Task goal: Starting with the line that contains "New Arrival Custom", set down each line through the end of the entries below, exactly and with nothing added.

Web page caption snippets:
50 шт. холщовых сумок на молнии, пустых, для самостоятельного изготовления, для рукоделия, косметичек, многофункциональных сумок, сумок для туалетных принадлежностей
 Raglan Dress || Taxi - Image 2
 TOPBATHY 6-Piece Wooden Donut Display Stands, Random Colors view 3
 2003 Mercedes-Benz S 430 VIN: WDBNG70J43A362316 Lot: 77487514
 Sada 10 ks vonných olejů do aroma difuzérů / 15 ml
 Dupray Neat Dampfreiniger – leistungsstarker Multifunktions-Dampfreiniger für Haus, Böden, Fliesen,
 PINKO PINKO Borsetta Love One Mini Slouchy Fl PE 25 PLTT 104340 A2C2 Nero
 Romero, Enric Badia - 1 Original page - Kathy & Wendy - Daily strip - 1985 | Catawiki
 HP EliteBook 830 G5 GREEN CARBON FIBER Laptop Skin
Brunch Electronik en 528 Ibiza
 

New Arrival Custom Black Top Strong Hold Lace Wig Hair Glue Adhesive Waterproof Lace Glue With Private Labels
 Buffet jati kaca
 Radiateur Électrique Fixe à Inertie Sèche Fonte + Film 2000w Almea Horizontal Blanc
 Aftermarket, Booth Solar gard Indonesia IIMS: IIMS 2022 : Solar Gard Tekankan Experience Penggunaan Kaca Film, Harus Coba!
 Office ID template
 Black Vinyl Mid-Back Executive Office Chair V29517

Answer to the exercise:
New Arrival Custom Black Top Strong Hold Lace Wig Hair Glue Adhesive Waterproof Lace Glue With Private Labels
 Buffet jati kaca
 Radiateur Électrique Fixe à Inertie Sèche Fonte + Film 2000w Almea Horizontal Blanc
 Aftermarket, Booth Solar gard Indonesia IIMS: IIMS 2022 : Solar Gard Tekankan Experience Penggunaan Kaca Film, Harus Coba!
 Office ID template
 Black Vinyl Mid-Back Executive Office Chair V29517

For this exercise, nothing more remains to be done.